Mr Wilson said he had no issue with voluntary certification schemes initiated by ENGOs when they remained voluntary, and when producers and consumers had a choice about whether or not to be involved.
However he said ENGOs had a well-documented history of applying public and commercial pressure to make voluntary schemes mandatory after they were introduced.
“If you join their scheme and you do not comply or if you leave, there is a massive publicity campaign against you or your industry,” Mr Wilson said.
He said the World Wildlife Fund’s introduction of “Market Transformation Initiatives”, such as the sustainable roundtable process it is steering with major multinational corporations to introduce voluntary certification systems in a range of agricultural industries, including beef, was a case in point.
He said ENGOs recognised that the adoption of schemes was hampered by their voluntary nature, so they employed a variety of public and private strategies after voluntary schemes were introduced to stimulate their widespread adoption. These actions included campaigning for national legislation and tax incentives, influencing public procurement policies and introducing start-up grants.

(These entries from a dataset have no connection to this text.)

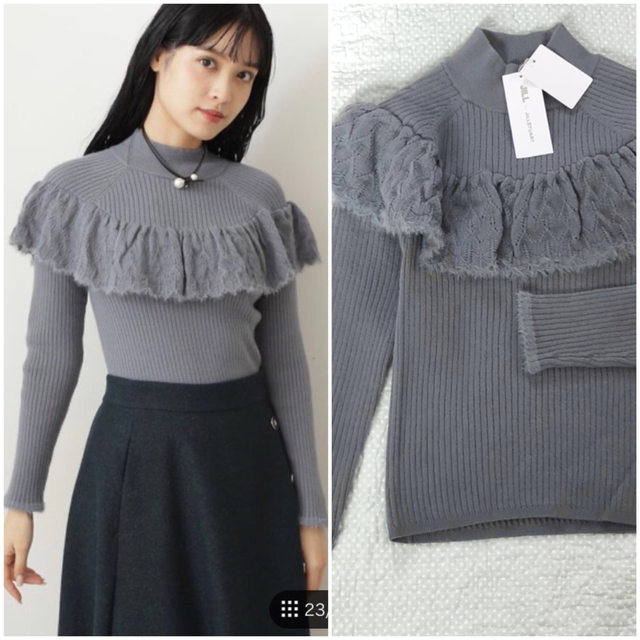 JILL by JILLSTUART(ジルバイジルスチュアート)のJILL by JILLSTUART【昨季新品】ヨークフリルニット レディースのトップス(ニット/セーター)の商品写真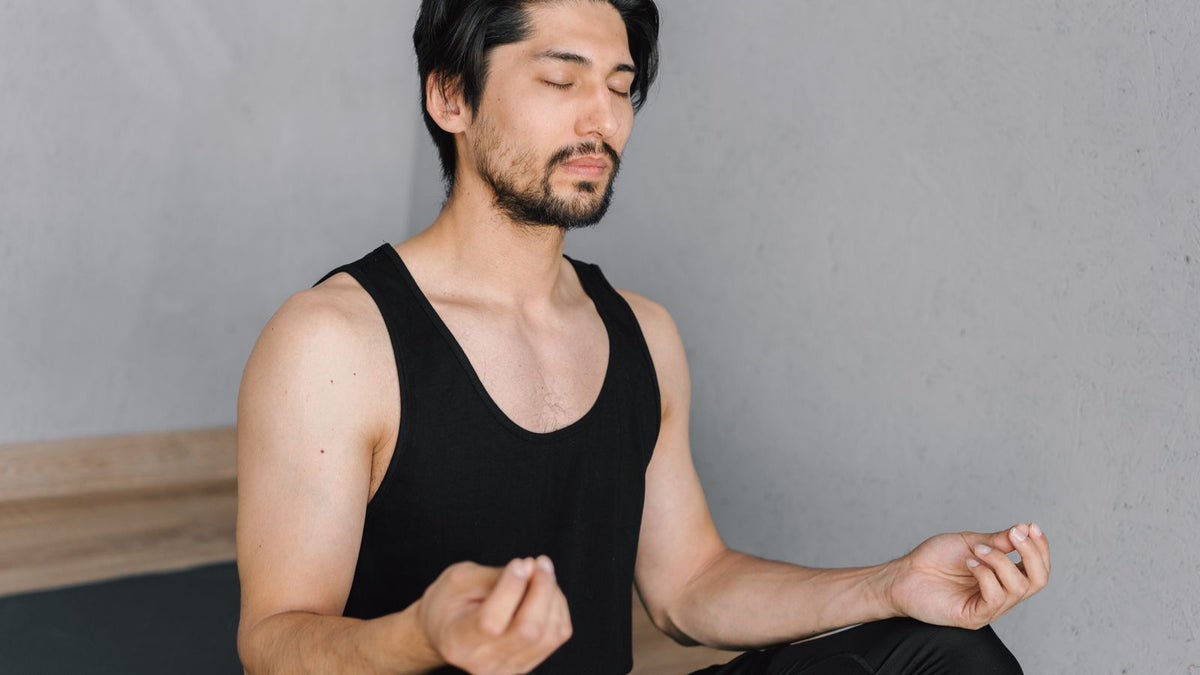 A man practising slow, calm breathing
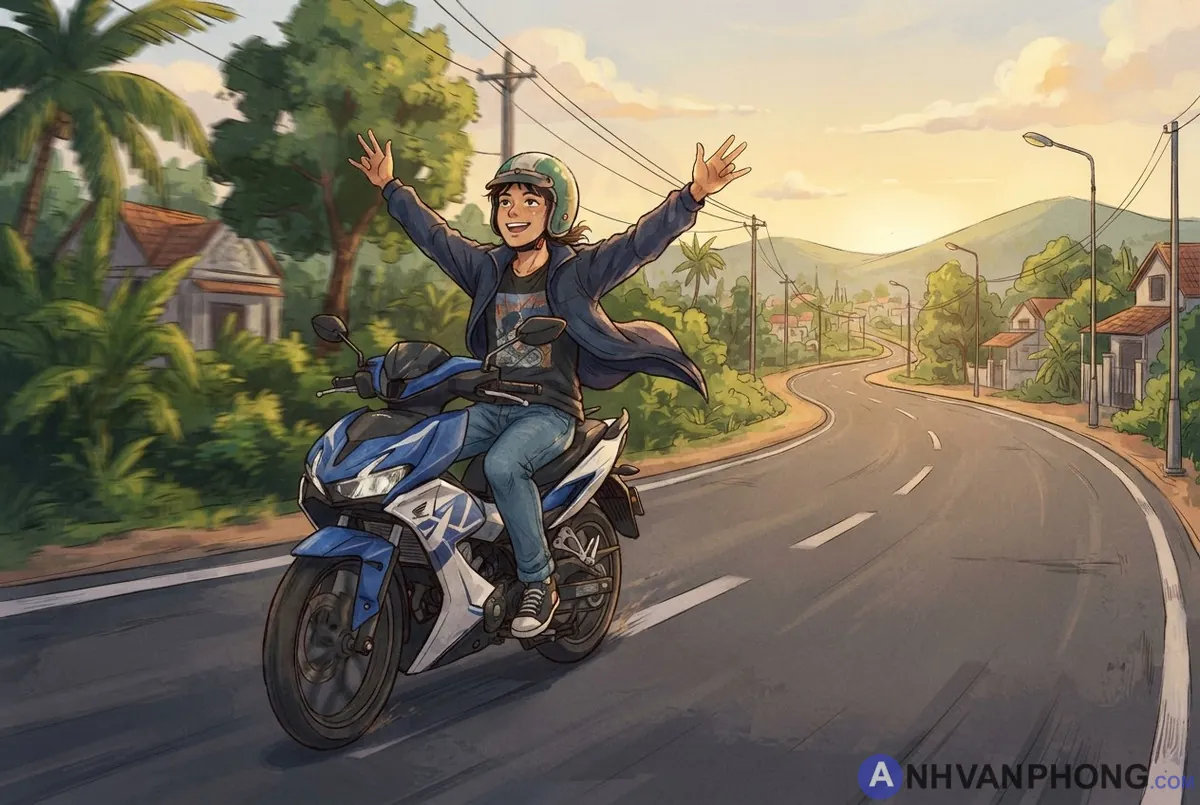 Bạn trẻ lái xe giao thông trên đường, buông cả hai tay lái xe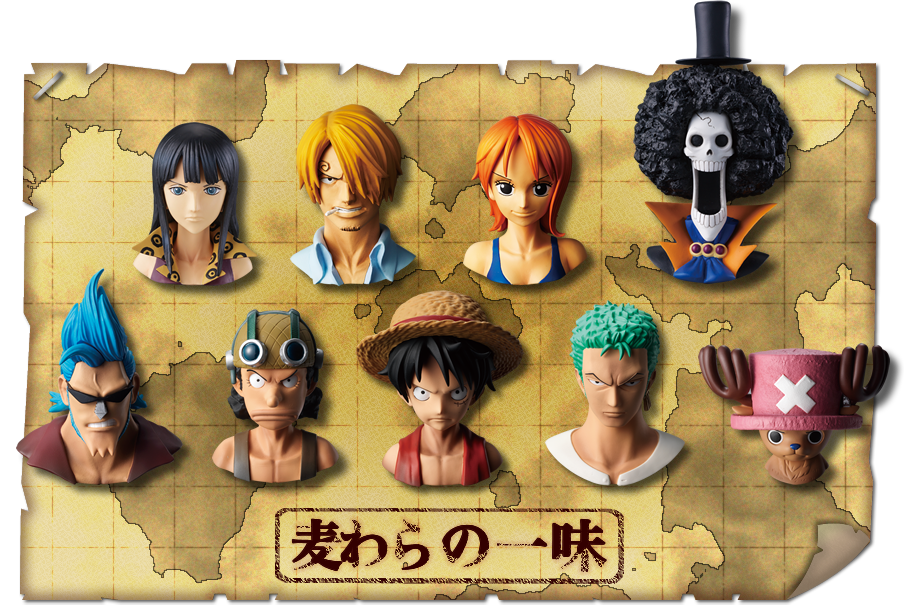 Straw Hat Pirates Set ของแท้ JP แมวทอง - Greatdeep Collection Bandai [โมเดลวันพีช] (9 ตัว)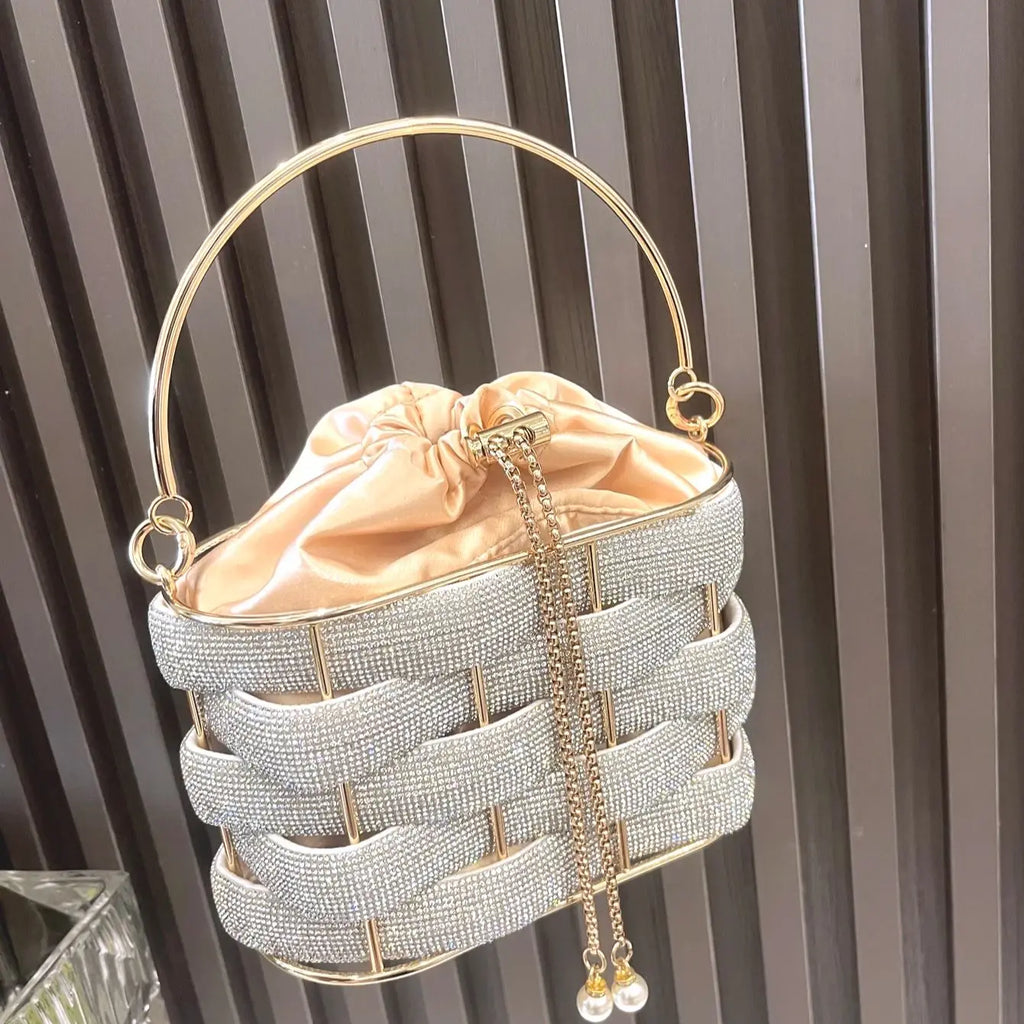 Women's Luxury Rhinestone Bucket Evening Clutch Bag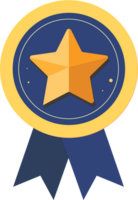 Golden star medal with ribbon, the first prize design element. png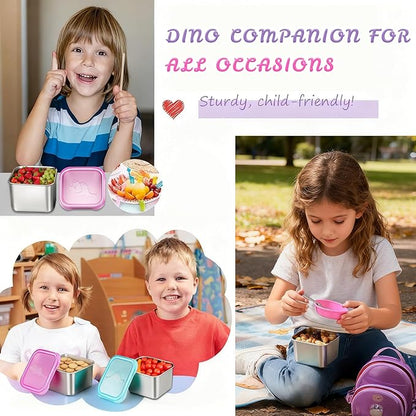 6-Pack Small (6 oz) Stainless Steel Snack Containers for Kids, Easy-Open Toddler Snack Containers with Lids - Cute Dinosaur Small Stackable Metal Lunch Box for Daycare, School, Travel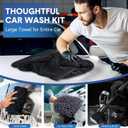 2 Pack Car Drying Towel 1200GSM Microfiber Drying Towels for Autos Trucks 36" x 24" and 16" x 16" Twisted-Loop Microfiber Cleaning Cloth with Car Wash Mitt and Detailing Brush Wash Kits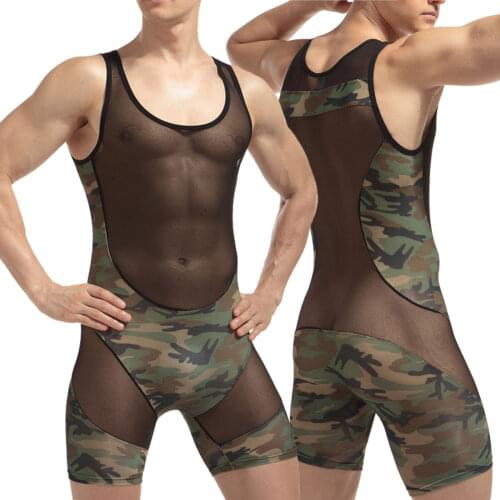 New Man Summer Sexy Jumpsuit Sport Vest Sleeveless See-through Mesh Patchwork Camouflage Printed Shorts Cycling Gym Bodysuit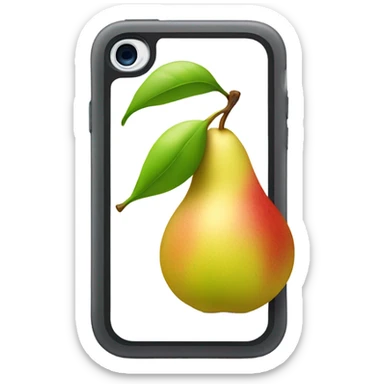 iPhone but instead of an apple on the back put a pear on it  sticker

He said ENGOs initially worked on getting the major players in each industry to adopt certification schemes, because of the power they had to influence the rest of the supply chain.
The WWF’s own assessment had identified that between 300 and 500 companies controlled at least 70 percent of the trade in each of the 15 commodities that they have identified as having the biggest environmental impact.
Of that number, 100 companies controlled 25 percent of the trade across all commodities, affecting around 50 percent of all production.
When they succeeded in getting major players on board, and these companies began to push certification schemes back down the supply chain, primary producers were ultimately left with little choice about whether to be involved, he said.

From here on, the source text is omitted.